We have demonstrated an association between long-term and short-term reproductive isolation in a species pair of swallowtail butterflies. Despite being several million generations old, gene flow persists between these species and is currently concentrated at a HZ. The considerable number, varying size, and location of barrier regions suggest that the genomic architecture of speciation is polygenic, or multilocus sensu Barton [88]. We find that variation in me correlates with proxies of recombination rate variation both between and within chromosomes and so is likely shaped by recombination rate heterogeneity, a pattern previously observed in Heliconius butterflies [67,76]. However, in the absence of a directly estimated recombination map, it is impossible to know to what extent the overlap between long and short-term barriers reflects a shared/stable recombination landscape rather than shared selective targets. Unlike genomic cline methods [122], our approach maximises information about barriers to gene flow contained in small samples over different time scales. This paves the way for future quantitative analyses of the temporal evolution of the genomic landscape of species barriers. While most speciation processes are far too slow to observe directly, genomic variation clearly contains information about the interplay of forces acting at different stages of the speciation continuum.

Methods

Ethics statement

Field sampling of butterflies was conducted in compliance with the School of Biological Sciences Ethics Committee at the University of Edinburgh and the European Research Council ethics review procedure. Permissions for field sampling were obtained from the Generalitat de Catalunya (SF/639), the Gobierno de Aragon (INAGA/500201/24/2018/0614 to Karl Wotton) and the Gobierno del Principado de Asturias (014252).

Sampling and sequencing

In total, we generated WGS data (150 base paired-end reads) for 20 individuals (S1 Table). Field sampling was conducted in 2017 and 2018 at several locations across Southern and Central Europe (Spain, France, Romania, and Hungary). Samples were hand-netted in the field, flash-frozen from live in a liquid nitrogen dry shipper (Voyageur 12) and stored at 70C. Wings were retained for identification. DNA extractions for all individuals were performed using a Qiagen DNeasy Blood & Tissue kit. Extractions were used to prepare TruSeq Nano gel-free libraries by Edinburgh Genomics which were sequenced on a NovaSeq 6000 or HiSeq X (S1 Table). Raw reads are deposited at the ENA (accession number PRJEB76171).

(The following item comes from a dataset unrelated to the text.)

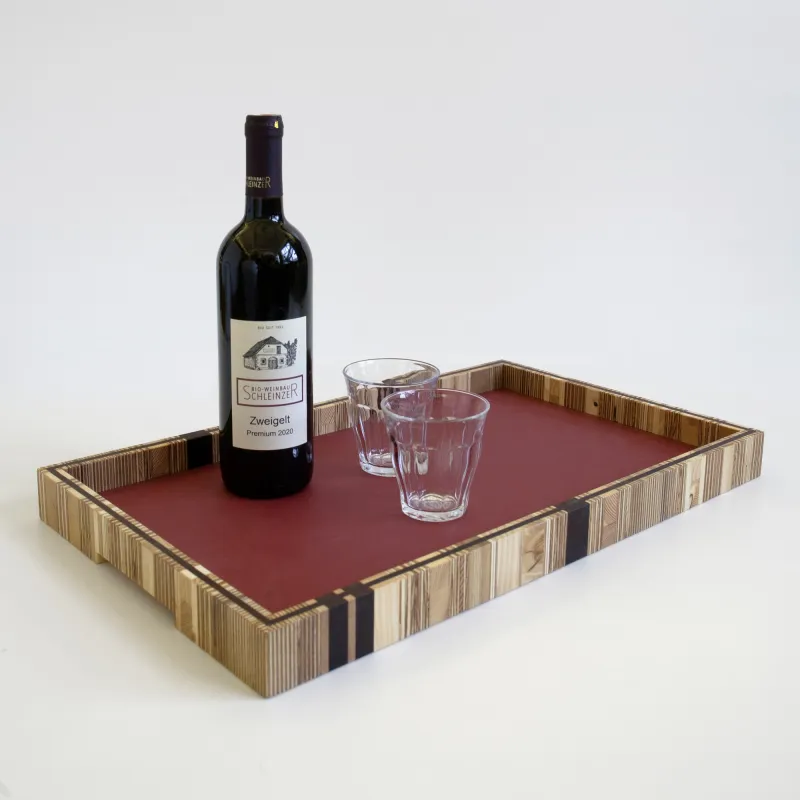 Ringeltablett: Gläser, Teller und Pasta, alles läßt sich mit diesem Tablett von A nach B transportieren und punktet deutlich sichtbar mit seiner charakteristischen Bauweise. Der Materialmix aus Produktionsresten von Tischlereien wird durch eine Massivholzeinlage optisch und statisch zusammengehalten. Der mit Linoleum  belegte Boden, setzt in verschiedenen Farben einen fröhlichen oder zurückhaltenden Akzent.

QC, read mapping, variant calling, and summaries

Reads were trimmed and checked for quality using FastQC v0.11.8 [123] both before and after trimming with FastP v0.20.0 [124], using MultiQC v1.7 [125] to visualise the results. Trimmed reads were aligned to the I. podalirius reference assembly [126] using bwa-mem v0.7.17 [127]. We marked duplicates using sambamba v0.6.6 [128]. Variants were called using freebayes v1.3 [129] (-k -w -j -T 0.02 -E -1 –report-genotype-likelihood-max). A principle components analysis (PCA) was performed on intergenic autosomal variants using plink v1.9 [69]. Genetic diversity (π), mean individual heterozygosity (H) and divergence (dXY) were estimated at intergenic sites using the gIMble ‘gimbleprep’ module [67].

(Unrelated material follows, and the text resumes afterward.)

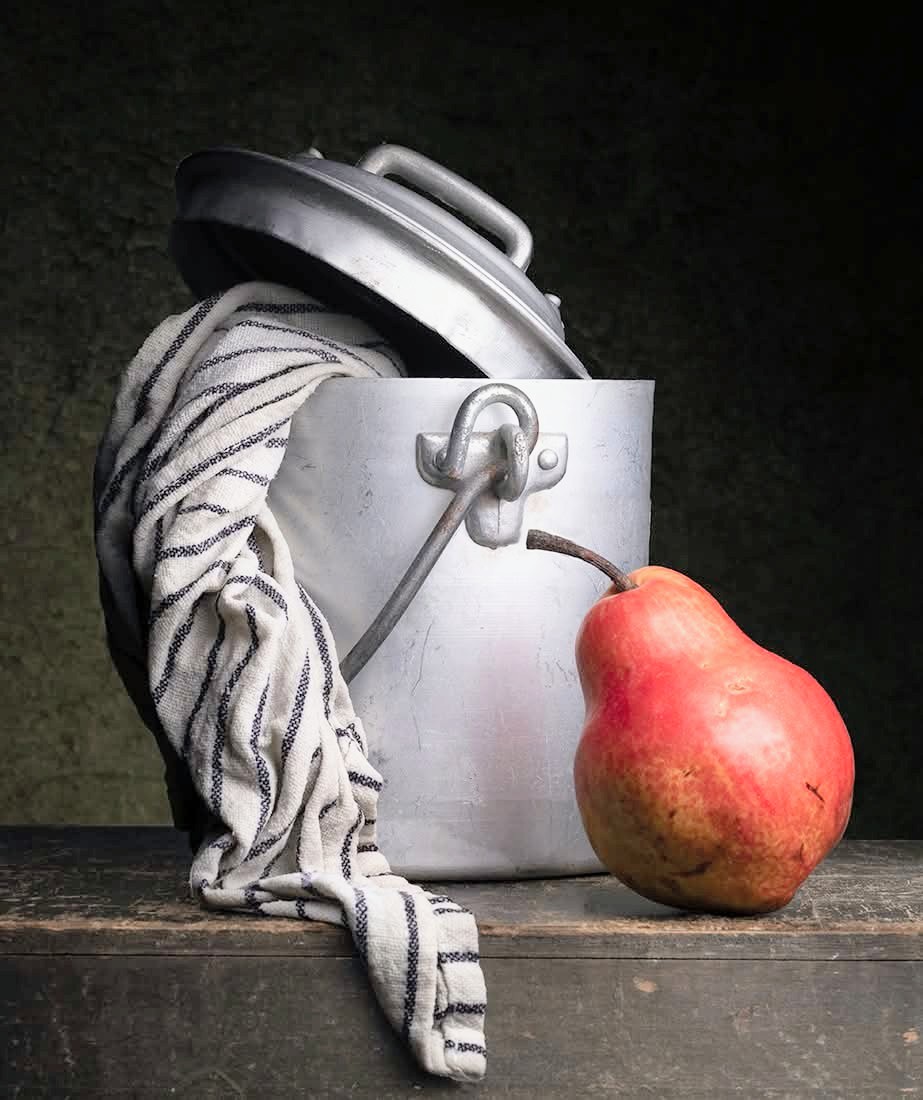 Red pear beside a metal pot and striped cloth on a wooden table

Fitting models of speciation across the genome using the bSFS

To infer the likely speciation history of this species pair and to estimate migration rates along the genome we used the software package gIMble [67]. This analysis was restricted to the non-HZ set of individuals. As the inference assumes that each sample contributes diploid genotypes, analysis was restricted to the autosomes to allow the inclusion of both male and female data. Demographic models fit by gIMble assume a neutral model of evolution, and so we focused analysis on intergenic sequence (39% of the assembly), i.e. genic and repeat-rich regions and contigs that were not scaffolded into chromosomes were excluded. We filtered genotype (GT) calls to a minimum depth of eight reads per sample and a maximum depth of three times the mean coverage per sample. Additionally, GT calls were required to have a minimum PHRED quality of one and SNPs within 2 bases of indels were removed. We used the gIMble ‘parse’ module to quantify genetic diversity and divergence for the filtered subset of the data. We summarised variation in pair-blocks of 64 bases and tallied all blockwise site frequency configurations of mutations across heterospecific sample pairs (see [67] for details). We then fitted ‘strict divergence’ (DIV) and ‘isolation with migration’ (IM) demographic models to the genome-wide blockwise site frequency spectrum using the gIMble ‘optimize’ module.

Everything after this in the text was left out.